Explore Best Static Analyzers for Code Quality

[peachjelly13]

Explore Best Static Analyzers for Code Quality

Investigate and evaluate the best static analyzers that can help improve code quality, identify bugs, security vulnerabilities, and enforce coding standards. Create documentation on the most suitable tools for our project.

Things to do:

• Research popular static code analysis tools especially which go well with go (e.g., SonarQube, ESLint, Pylint, Checkstyle, etc.).
• Evaluate their features, such as detecting code smells, potential bugs, security flaws, and enforcing coding standards.
• Identify the pros and cons of each tool (e.g., ease of integration, customization, scalability).
• Determine which tools are most suitable for our specific needs (e.g., language support, codebase size, integration with CI/CD pipelines).
• Document recommendations for the best static analyzers to integrate with our system.

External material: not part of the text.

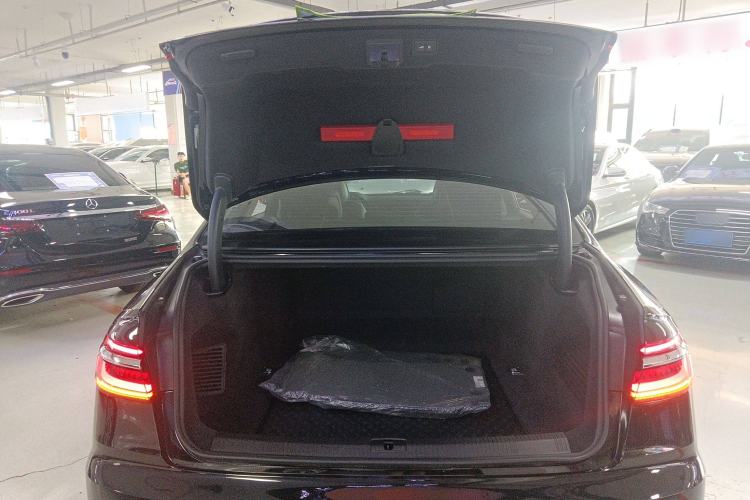 Used Audi A8 2022 A8L 50 TFSI quattro Comfort Edition Collector's Model Trunk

End Goal: A comprehensive document that compares static analyzers, their capabilities, and provides a
recommendation for the most suitable tools for our use case.

[BhanuD19]

I have created an initial draft for the analysis of some tools. I would like to invite for contributing to this and create a final draft.
https://docs.google.com/document/d/1t_qqbnALnSdlj8q2tNTJOd2QbshhlhCbyryFn_Py8xw/edit?usp=sharing

[satyajitnayk]

I had a look at the document you shared. Could you help by digging a bit deeper into it?